Overall summary & rating


Updated 5 April 2016

The inspection took place on 16 February 2016 and the inspection was announced.

Able Care is a care agency who provides a domiciliary care service and an introductory service for self-employed carers, who offer a live in care service. This inspection only relates to the domiciliary care element of the care agency. The Care Quality Commission (CQC) does not regulate self- employed care.

At the time of this inspection the service was supporting four people, three with a night sitting services and one with a day sitting service. During these periods support with personal care and meals maybe required.

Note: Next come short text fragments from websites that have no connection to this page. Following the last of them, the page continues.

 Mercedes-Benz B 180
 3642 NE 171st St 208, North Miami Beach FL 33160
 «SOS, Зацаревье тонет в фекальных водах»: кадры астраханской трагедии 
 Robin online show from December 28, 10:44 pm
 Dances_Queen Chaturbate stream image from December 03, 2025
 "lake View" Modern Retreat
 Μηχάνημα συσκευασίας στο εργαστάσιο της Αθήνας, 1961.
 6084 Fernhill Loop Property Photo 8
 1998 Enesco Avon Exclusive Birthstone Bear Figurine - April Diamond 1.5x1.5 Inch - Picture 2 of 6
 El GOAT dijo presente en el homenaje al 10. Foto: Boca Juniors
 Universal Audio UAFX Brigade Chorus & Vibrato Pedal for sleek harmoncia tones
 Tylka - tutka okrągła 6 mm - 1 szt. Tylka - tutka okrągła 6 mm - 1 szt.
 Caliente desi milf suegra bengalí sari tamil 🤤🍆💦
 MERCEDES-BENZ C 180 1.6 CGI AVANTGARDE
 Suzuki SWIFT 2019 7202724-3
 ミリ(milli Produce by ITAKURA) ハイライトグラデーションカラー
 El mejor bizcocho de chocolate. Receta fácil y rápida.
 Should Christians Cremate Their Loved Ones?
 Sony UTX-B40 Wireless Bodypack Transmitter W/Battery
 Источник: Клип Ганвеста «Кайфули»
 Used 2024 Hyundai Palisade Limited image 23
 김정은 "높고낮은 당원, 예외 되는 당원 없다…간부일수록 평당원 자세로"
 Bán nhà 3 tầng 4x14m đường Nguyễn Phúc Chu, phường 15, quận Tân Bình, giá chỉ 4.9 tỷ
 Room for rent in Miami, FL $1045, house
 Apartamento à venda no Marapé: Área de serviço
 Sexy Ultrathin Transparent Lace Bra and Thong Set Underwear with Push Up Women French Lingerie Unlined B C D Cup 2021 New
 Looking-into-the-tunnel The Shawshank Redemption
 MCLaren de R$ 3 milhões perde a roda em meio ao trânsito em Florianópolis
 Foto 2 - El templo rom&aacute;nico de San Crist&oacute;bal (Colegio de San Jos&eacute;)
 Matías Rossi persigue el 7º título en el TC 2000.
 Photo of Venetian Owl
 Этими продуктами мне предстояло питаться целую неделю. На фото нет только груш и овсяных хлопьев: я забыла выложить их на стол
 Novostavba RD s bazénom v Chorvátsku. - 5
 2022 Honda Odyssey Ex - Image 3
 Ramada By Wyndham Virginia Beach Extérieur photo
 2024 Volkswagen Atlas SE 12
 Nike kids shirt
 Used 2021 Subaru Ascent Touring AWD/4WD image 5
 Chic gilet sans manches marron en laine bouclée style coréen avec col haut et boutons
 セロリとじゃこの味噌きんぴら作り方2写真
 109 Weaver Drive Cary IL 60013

There was a registered manager in place. A registered manager is a person who has registered with the Care Quality Commission to manage the service. Like registered providers, they are ‘registered persons’. Registered persons have legal responsibility for meeting the requirements in the Health and Social Care Act 2008 and associated Regulations about how the service is run.

People were supported by staff who demonstrated the skills and knowledge required to perform in their role. They had been safely recruited.

Staff demonstrated they understood how to prevent and protect people from the risk of abuse. The service had procedures in place to report any safeguarding concerns that could arise and staff understood these. Staff had knowledge of how to report incidents of suspected abuse. People and staff were protected from harm as the service had identified and assessed any risks to them and reviewed these on a regular basis. Risk assessments were individual to the person and their environment.

Staff did not administer prescribed medication.

Staff had not attended recent training relevant to their role; the manager undertook to address this immediately.

People benefited from staff who felt valued by the service and were happy in their work. They had confidence in the management team.

Staff demonstrated that they understood the importance of promoting people’s dignity, privacy and independence. They gave examples of a caring and empathetic approach to the people they supported.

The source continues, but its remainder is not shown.